The Coker came in the mail today when I was at work. By the time I arrived home, it was 3am- so naturaly I put it together. The seat/post/pedal box was not attached to the outer box and had slid over the wheel; consiquently, it was over 2cm from true. Not one to go to bed frustrated, I put on my armour and crept out to the road. This would be a country road, flanked by heavy ditches. There is no place neer by for an assisted mount, so I spent the next hour lerning a new mount. On my 24", I’ll start with ether pedal down, balanced on the down foot, and ride off. Trying this on the Coker was a fantasy. Oh, it can be done, but not reliably by me at 4am. I had some interesting experiences riding backward fast at a steep angle.

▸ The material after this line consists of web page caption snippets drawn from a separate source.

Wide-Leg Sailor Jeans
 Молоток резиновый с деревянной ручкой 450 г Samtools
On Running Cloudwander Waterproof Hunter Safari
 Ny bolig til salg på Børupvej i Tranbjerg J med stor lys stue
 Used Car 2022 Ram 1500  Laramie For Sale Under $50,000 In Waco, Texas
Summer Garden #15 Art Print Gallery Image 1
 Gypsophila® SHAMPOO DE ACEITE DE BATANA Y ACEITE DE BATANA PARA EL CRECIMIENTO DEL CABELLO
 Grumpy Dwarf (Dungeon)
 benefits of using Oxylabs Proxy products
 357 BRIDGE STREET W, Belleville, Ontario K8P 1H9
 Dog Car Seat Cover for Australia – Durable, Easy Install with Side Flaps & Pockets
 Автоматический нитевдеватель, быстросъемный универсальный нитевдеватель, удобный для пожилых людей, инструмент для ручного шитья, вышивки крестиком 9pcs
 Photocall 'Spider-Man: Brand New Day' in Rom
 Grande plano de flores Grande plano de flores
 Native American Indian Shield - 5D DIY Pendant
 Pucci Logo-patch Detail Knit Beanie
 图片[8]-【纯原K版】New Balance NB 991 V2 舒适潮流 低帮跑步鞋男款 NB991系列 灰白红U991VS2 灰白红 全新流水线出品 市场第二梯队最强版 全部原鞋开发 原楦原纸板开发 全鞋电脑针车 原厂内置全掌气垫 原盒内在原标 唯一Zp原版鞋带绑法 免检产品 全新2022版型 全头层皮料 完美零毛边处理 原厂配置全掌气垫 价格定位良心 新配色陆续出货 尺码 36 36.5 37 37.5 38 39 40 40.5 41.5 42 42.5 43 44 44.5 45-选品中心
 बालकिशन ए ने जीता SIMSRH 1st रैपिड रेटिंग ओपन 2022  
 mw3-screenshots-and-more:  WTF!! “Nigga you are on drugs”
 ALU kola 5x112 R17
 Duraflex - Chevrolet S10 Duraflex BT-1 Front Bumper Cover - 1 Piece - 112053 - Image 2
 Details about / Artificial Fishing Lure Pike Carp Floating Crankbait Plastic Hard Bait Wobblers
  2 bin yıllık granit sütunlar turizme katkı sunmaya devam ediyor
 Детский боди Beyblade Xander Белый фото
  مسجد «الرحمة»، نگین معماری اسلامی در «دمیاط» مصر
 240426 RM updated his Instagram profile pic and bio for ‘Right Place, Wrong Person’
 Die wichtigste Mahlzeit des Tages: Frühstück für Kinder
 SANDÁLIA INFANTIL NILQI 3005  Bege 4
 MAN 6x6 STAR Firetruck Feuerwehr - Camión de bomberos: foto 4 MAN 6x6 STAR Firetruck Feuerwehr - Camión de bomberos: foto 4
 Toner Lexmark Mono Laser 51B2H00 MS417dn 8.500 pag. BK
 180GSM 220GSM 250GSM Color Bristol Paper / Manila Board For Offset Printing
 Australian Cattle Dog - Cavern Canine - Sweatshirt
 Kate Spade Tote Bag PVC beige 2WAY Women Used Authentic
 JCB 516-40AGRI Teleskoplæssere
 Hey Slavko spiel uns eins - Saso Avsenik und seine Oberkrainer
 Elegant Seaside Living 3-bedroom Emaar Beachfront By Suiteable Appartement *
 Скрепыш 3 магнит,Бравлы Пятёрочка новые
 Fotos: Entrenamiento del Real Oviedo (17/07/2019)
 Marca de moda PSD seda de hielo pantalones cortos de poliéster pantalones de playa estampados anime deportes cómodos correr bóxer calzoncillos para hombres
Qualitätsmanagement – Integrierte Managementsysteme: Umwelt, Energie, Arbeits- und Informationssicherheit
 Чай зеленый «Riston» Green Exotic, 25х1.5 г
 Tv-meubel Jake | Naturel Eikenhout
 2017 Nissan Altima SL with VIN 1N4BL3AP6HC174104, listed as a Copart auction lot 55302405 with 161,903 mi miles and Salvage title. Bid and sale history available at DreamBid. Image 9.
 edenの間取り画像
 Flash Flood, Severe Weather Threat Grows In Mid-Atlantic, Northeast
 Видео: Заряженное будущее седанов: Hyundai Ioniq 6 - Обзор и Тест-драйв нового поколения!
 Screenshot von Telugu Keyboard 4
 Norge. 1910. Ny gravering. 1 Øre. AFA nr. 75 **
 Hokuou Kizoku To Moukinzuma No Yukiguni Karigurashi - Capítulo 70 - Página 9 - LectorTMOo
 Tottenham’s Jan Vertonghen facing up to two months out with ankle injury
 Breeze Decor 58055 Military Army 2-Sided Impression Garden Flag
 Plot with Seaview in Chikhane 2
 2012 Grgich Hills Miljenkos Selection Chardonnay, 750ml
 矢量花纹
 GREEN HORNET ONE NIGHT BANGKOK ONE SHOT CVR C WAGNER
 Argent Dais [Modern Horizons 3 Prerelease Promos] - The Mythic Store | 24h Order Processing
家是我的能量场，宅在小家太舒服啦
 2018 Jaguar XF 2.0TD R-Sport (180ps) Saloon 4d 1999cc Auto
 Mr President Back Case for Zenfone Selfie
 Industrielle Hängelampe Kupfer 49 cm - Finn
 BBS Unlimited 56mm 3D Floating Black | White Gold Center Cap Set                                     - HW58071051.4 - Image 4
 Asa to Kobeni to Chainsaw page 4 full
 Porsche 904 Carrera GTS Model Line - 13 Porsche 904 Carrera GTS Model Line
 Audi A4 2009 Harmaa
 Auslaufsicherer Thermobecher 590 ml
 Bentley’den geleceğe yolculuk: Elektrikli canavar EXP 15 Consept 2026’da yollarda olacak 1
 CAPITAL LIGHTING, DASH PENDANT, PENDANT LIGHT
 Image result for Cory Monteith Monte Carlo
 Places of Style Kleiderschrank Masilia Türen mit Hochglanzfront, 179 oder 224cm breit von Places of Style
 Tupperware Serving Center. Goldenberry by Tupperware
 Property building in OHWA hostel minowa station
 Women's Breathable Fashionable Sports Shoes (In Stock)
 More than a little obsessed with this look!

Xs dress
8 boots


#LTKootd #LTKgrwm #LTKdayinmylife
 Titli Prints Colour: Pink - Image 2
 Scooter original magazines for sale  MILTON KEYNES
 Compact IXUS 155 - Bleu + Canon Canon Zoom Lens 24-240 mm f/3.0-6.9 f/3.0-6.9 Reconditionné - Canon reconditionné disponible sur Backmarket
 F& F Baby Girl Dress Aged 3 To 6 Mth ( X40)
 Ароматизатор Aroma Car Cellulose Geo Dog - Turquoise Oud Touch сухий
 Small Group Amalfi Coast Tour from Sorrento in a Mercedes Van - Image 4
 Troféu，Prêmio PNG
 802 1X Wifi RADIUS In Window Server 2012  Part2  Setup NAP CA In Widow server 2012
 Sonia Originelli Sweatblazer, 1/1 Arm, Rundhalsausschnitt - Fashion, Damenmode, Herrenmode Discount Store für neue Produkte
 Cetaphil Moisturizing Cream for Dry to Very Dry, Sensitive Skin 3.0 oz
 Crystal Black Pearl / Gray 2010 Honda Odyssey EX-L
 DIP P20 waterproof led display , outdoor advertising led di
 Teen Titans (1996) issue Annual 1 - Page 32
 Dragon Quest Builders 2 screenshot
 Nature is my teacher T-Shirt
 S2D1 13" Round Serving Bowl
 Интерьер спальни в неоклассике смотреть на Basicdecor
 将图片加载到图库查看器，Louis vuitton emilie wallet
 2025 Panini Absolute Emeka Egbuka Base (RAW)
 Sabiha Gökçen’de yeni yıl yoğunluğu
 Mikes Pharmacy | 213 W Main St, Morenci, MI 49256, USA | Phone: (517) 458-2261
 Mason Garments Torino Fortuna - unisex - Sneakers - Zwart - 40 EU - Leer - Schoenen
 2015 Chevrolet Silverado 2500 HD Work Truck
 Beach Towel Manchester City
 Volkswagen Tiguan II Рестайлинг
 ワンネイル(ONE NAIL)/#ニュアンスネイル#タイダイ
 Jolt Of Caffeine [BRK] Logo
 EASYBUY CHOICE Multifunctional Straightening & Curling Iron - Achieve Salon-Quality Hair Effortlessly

A small digression: I’m just starting to reliably iddle. Riding backwards is ushualy a short trip, but no big deal. Drops are a chalange, but do-able. Level pedle mounts scare me. I wana do 'em- they just are a bit intimidating. All I can see is the pedal lodging in my shin and the wheel firing out from under me. There, I said it.
Well, at 4am with a new toy, and images of Joe Marshall mounting his wheel fresh in my head, I am trying a new mount by moonlight. The rolling mount was out- I just could not manage it. After 45 minutes and a heavy sweat, I managed to lug my tired bones up into the sadle. Right foot back on pedal at 12 degree below horizontal, leap way way way up by launching with the left, landing square in the sadle and get that left on the pedal and going forward right away. As ushual, greater success when mounting closer to center and less cross momentum- keep it tight.
Learning is such an exagerated physical effort on a Uni- I love it. Skill is such an awsome reward!
I took the big wheel out for a moonlight cruze. 4 miles round trip out to the interstate and back. Lots of tree cover kept me from seeing the road clearly. Pot holes came out of no-where, but the coker ate 'em up and spit em out- I just concentrated on keeping up with the wheel. It was wierd. The coker is so heavy, you pump energy into the wheel then just concentrate on perching on the energy bubble.
So, the new toy has taught me a few new skills. Perfect.
I’d like to thank John over at the Unicycle Source for talking me out of getting a Coker as my first Uni in 11 years. I would have been ill prepaired for it were it not for this last month on the United- I also would not have developed so many new skills.
Time to sleep. While this morning was a great adventure, it was also very stupid: riding a strange new Uni at night, while fatigued, wearing all black, with no light.
I’m glad I did it.
'Night.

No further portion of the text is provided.